Your instructions: Could you write out, exactly as they stand, only the lines in the listing below from the line with "West San Antonio" to the line with "カイ・フランクリンがデザインした「フィネル」のホーローボウル", both ends included, without the pictures?

Material provided:

.....

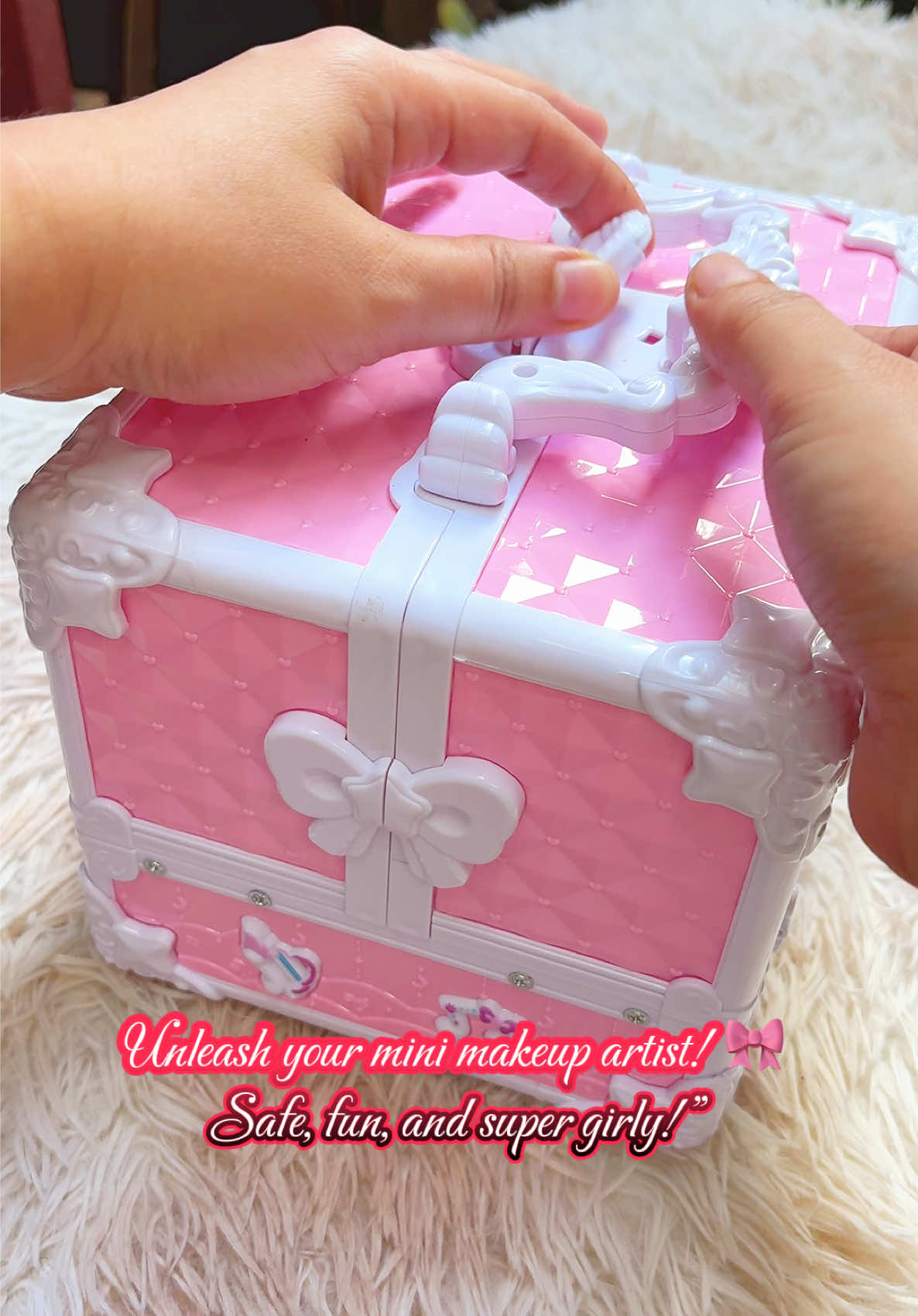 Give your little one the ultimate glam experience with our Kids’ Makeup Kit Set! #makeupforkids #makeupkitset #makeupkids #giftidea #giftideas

.....

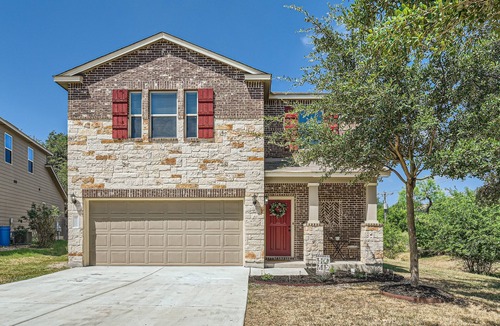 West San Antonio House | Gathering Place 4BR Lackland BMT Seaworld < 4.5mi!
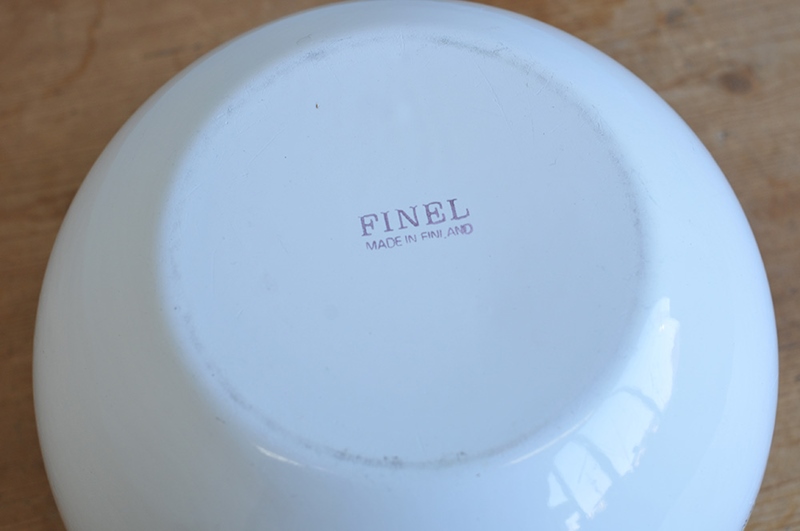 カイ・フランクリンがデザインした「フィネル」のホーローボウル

.....

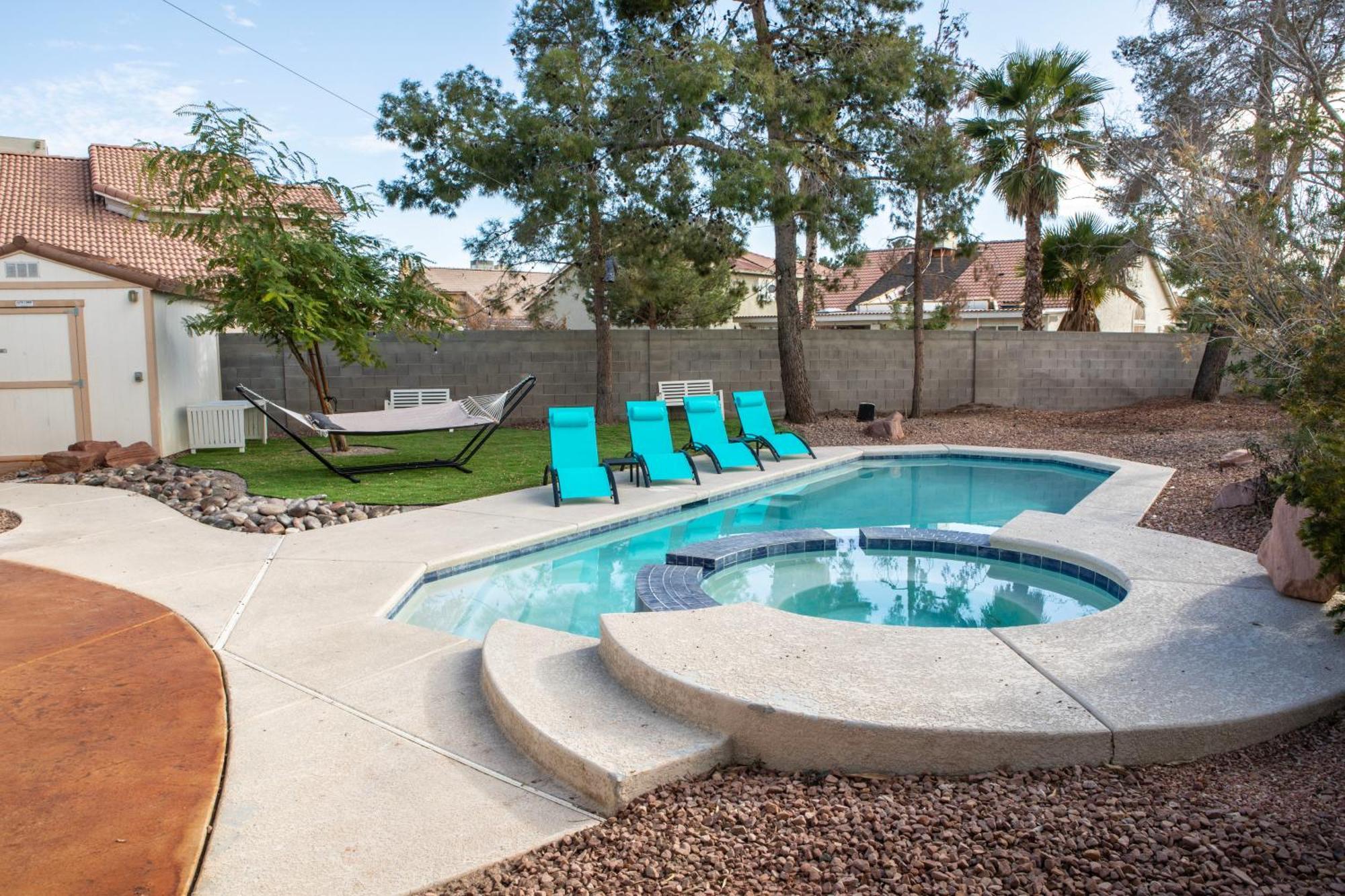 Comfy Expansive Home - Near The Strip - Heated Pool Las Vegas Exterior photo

.....

Written answer:
 West San Antonio House | Gathering Place 4BR Lackland BMT Seaworld < 4.5mi!
 カイ・フランクリンがデザインした「フィネル」のホーローボウル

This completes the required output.